The State of Things
"The view that the consumer is helpless and needs protection by a benevolent government is expressed [by the consumer advisory council]. The view, once widely accepted in this country that competition forces business to serve the public is not even given token nod...The Constitution of the United States was based in part on the belief that people needed protection, primarily from the government, and that free, competitive enterprise was the most efficient engine for promoting the public good."
"At one time, the intellectual climate of this country placed the burden of proof for the necessity of interference with the market process on those who would interfere. Interference was presumed to be an error unless an overwhelming case could be made for it. In the present intellectual climate, the reverse is probably true-actions by the government to regulate business are presumed to be beneficent and the burden of proof is on those who oppose."
As we watch Refco (RFX) open at $1 only a little over two months after issuing stock to the public in an IPO at $22, some might say that we need more government regulation to solve this problem.
First, let's look at the problem. The company each quarter transferred almost half a billion dollars of debt off of its books to a third party in order to make its balance sheet and returns on equity look much better than they really were. Goldman and CSFB, the two leading underwriters, failed to discover this chicanery; they failed in their fiduciary responsibility. Goldman and CSFB earned over $40 million in fees for their effort, or lack thereof.
So too little government regulation is the problem right? I would argue that too much regulation is the problem for the following reasoning. Companies are self-serving where they are always going to maximize return (where they fail is when they do not execute properly or mis-manage risk), that is something that we can depend on. The question is what is the best way to make sure that they don't do things to harm the system in the process?
I believe that government regulation is the least effective way to do this. Companies don't respect regulation; they are always trying to get around it and quite frankly, for every loophole the government plugs, companies find a new one to drill.
The most effective way is for the market to regulate companies. This means customers, suppliers, shareholders, etc. Goldman Sachs is going to do a bang up job analyzing RFX if they know that if they fail their customers will desert them. They will be out of business fast. And by the way, I have heard SEC and private opinion state that underwriters could not have caught RFX at their shell game, that if a CEO really wants to hide something they can always get away with it, at least for a long period of time. This is absolute nonsense. Goldman and CSFB merely looked at end of period financial statements in their analysis; by doing that everything looked fine. But if they really wanted to understand the situation all they had to do is look at the flow of funds and they would find massive amounts of cash and debt being transferred back and forth. For two savvy financial firms this should have been second nature.
But they felt there was little risk in actually being held accountable by their customers so they didn't do the work. And so far they have not been. Oh they have been sued and they will likely settle on some amount, but the fact is customers doing business with Goldman will continue to do so because they have been conditioned by the government that they do not have to look out for themselves.

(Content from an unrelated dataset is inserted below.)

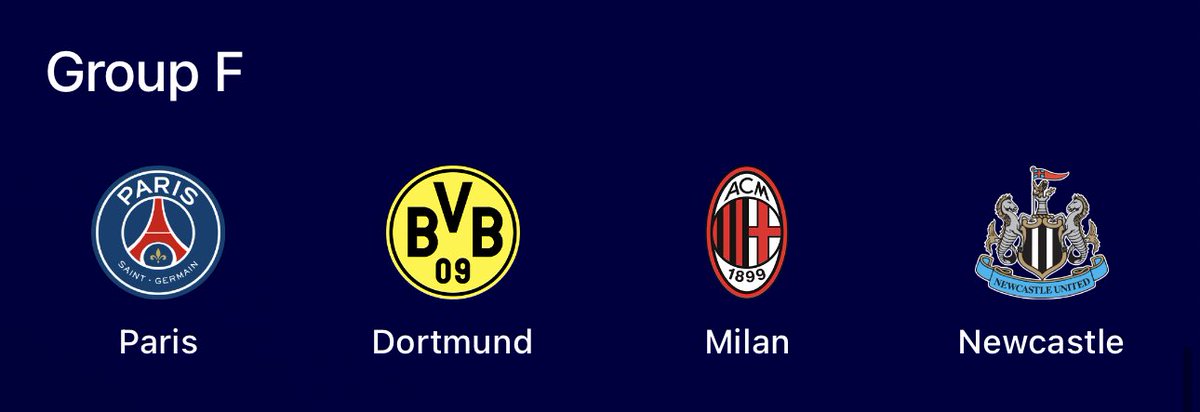 Abdulla_Albader's tweet image. ميلان و باريس و دورتموند و نيوكاسل 🔥

ميلان بمجموعة الموت كما متوقع 🙂

مباريات المجموعة راح تكون كلها مباريات كبيرة و صعبة، التأهل راح يكون صعب على الكل بالمجموعة

موعودين بمجموعة و مباريات للتاريخ ❤️

تتوقعون ميلان قادر يتأهل ؟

The worst thing that could happen here is for the government to step in and reward the market for this calamity and I suspect that behind the scenes they have. Certainly the people that bought the stock on the IPO will lose money, but this situation should have opened the eyes of the market to the potential that this could happen (maybe not to this extent) in any company, especially financial ones where it is all debt (Goldman and CSFB should have known this especially). The market itself should be discounting this episode much more than it is simply because it is conditioned to believe that the government will step in and always "control" the situation.
People say, "What do you want, the market to implode and everyone lose money?" Well, perhaps the cumulative effect of government intervention will ultimately be that when the chickens come home to roost, the problem will be much, much bigger than if we had let the market sort things out each time.
Whether it is the "Greenspan put" or an ever expanding money supply, markets have been conditioned to respond sanguinely to these situations. This fosters cronyism and more importantly, allows imbalances to build to the point to where the system is in danger of imploding.
I see these risks higher than ever while most market participants have been conditioned to ignore them.